25th September 2022

What happens when we relate to our planet, to our cat or dog, to a tree?  It used to be thought that only humans had consciousness but now we know different.  The Animal Welfare (Sentience) Act became law in the UK in April.  This recognises that all vertebrates and some invertebrates (eg lobsters, crabs and octopuses) are sentient – are aware and experience feelings such as joy, fear and pain.  Even insects have been shown to have unique responses and personalities. Our consciousness was assumed to originate in our brain but now it seems that the brain does not produce consciousness but acts as a kind of receiver for it.  We are learning more about consciousness from octopuses which have a very small brain but each arm has its own consciousness and personality. 

Beyond animals, plants too respond in ways we did not expect, reacting to different types of music, and thriving or failing in response to praise or criticism.  Each morning when I walk the dogs I have a place where I stop and sing to the trees, and they seem to listen.  In our relationships with animals and plants, do we share consciousness at some level?

‘While stroking an octopus, it is easy to fall into reverie.  To share such a moment of deep tranquillity with another being, especially one as different from us as the octopus, is a humbling privilege.  It’s a shared sweetness, a gentle miracle, an uplink to universal consciousness – the notion, first advanced by pre-Socratic Greek philosopher Anaxagoras in 480BC, of sharing an intelligence that animates and organizes all life.  The idea of universal consciousness suffuses both Western and Eastern thought and philosophy, from the “collective unconscious” of psychologist Carl Jung, to unified field theory, to the investigations of the Institute of Noetic Sciences founded by Apollo 14 astronaut Edgar Mitchell in 1973.  I feel blessed by the thought of sharing with an octopus what one website calls “an infinite, eternal ocean of intelligent energy”.  Who would know more about the infinite, eternal ocean than an octopus?  And what could be more deeply calming that being cradled in its arms, surrounded by the water from which life itself arose?

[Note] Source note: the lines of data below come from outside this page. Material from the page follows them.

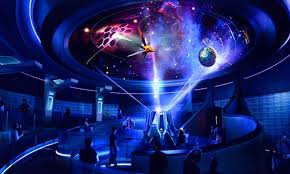 The bad batch, a sequel spinoff of the clone wars executive produced by dave filoni. What S New At Disney World Every Ride Coming 2021 2023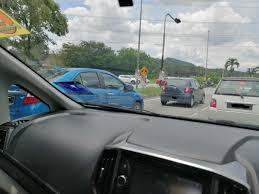 Check spelling or type a new query. Rakyat Malaysia Ingkar Pkp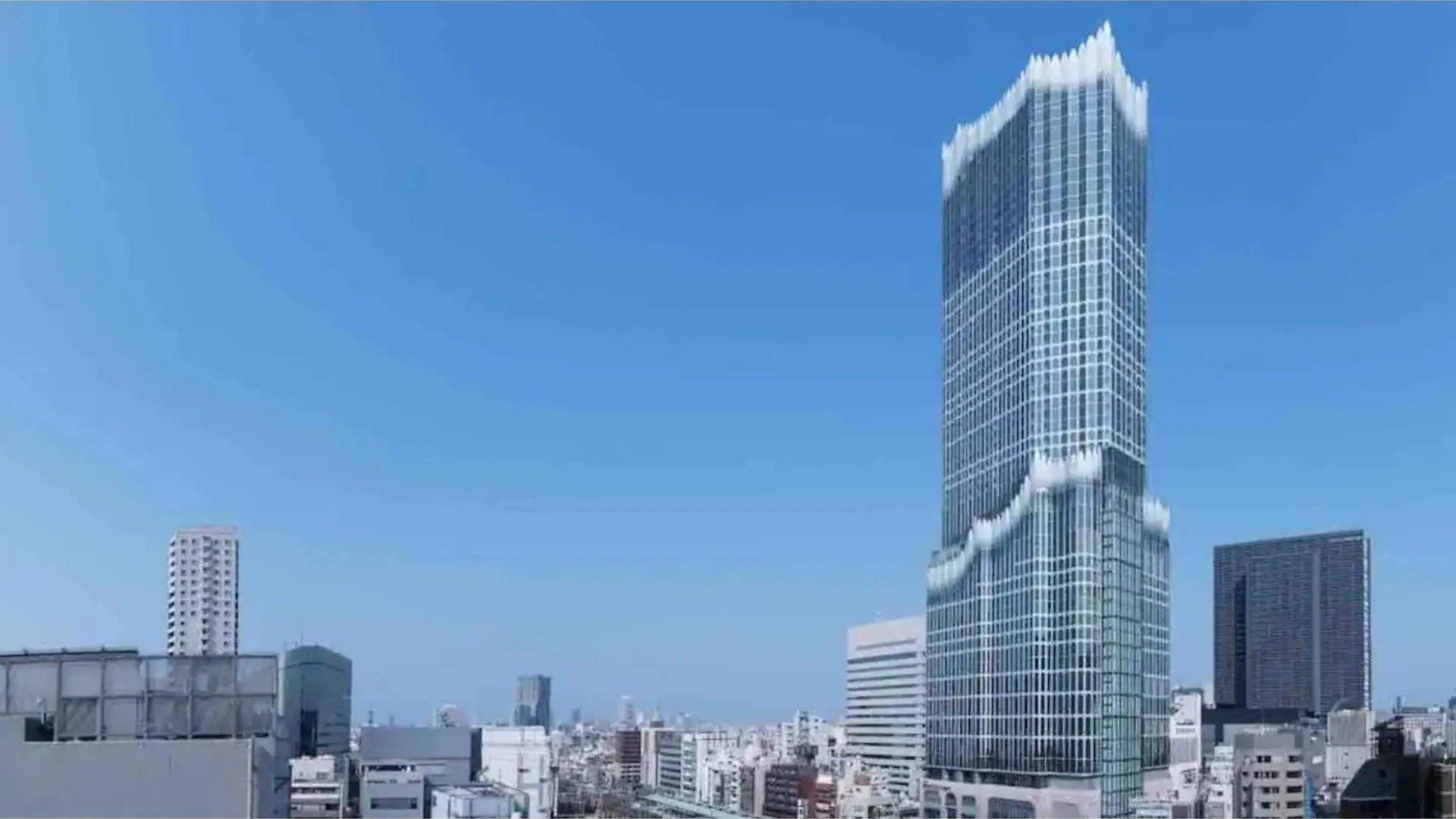 Japanese-Style Apartment In Shinjuku - Vacation Stay 15535 Tokyo Japan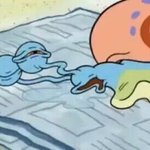 키작은애들 ㅈㄴㅈㄴ부러워서 눈물남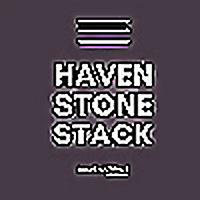 Havenstone Stack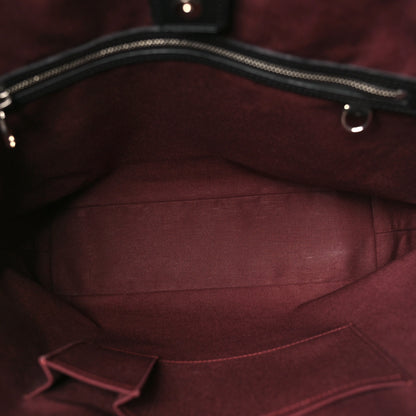 Louis Vuitton Monogram Macassar Davis 5 of 10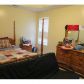 835 Marcus Nyah Court, Atlanta, GA 30349 ID:12799065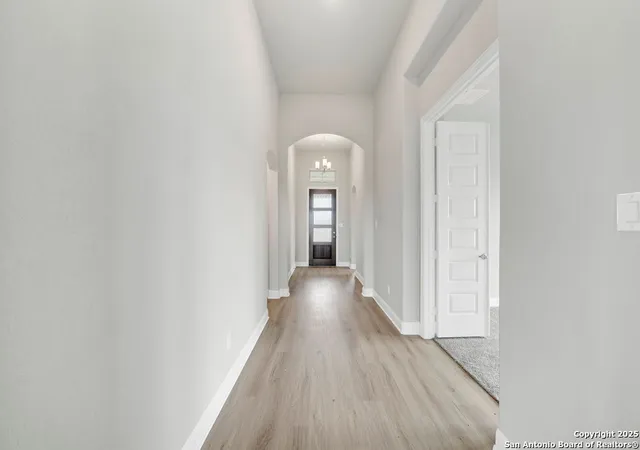Photo 3 of Single family home for sale at 5709 Provo Pl, San Antonio, TX 78263 | MLS# 1838553 | Listing updated on 2026-02-07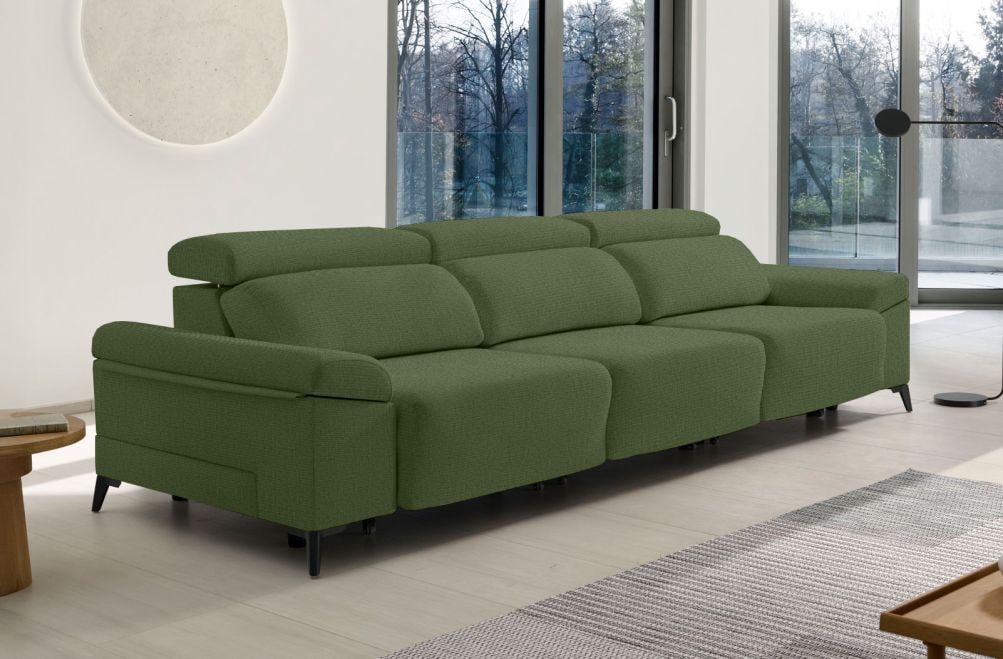 product-image-5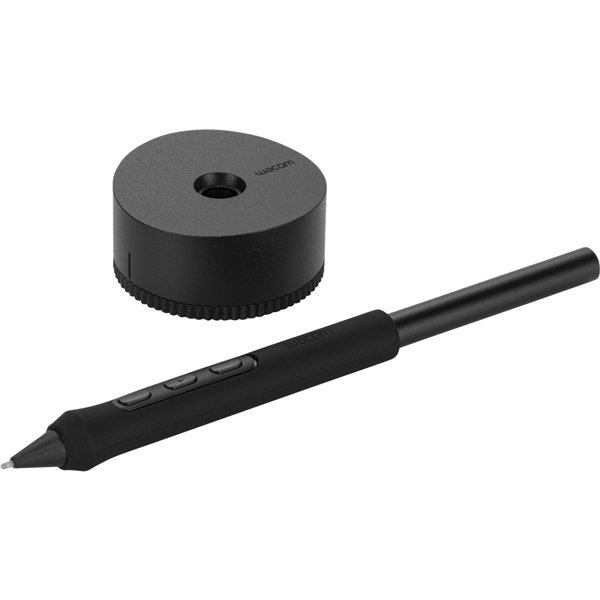 Wacom Intus Pro Medium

As I pet Kali’s soft head I think of Paul the Apostle’s letter to the Philippians about the power of the “peace that passeth understanding”.

And then – SPLASH – we’re hosed. “That was not aggression” says Wilson. “That was playful.”..Kali fluffs up the suckers on her arms like the frills on a petticoat and waves her arms at us.  If she were a person, we could reach no other conclusion than that she is teasing us, daring us to try again.’

Sy Montgomery. The Soul of an Octopus. Simon & Schuster. 2015


I can sip beauty,
I can take it up
by osmosis
until it becomes
the lining of my soul,
jewels in the dark.

The peony is lush,
a ball of velvet,
carmine petals
folded together
like pleats
of a heart.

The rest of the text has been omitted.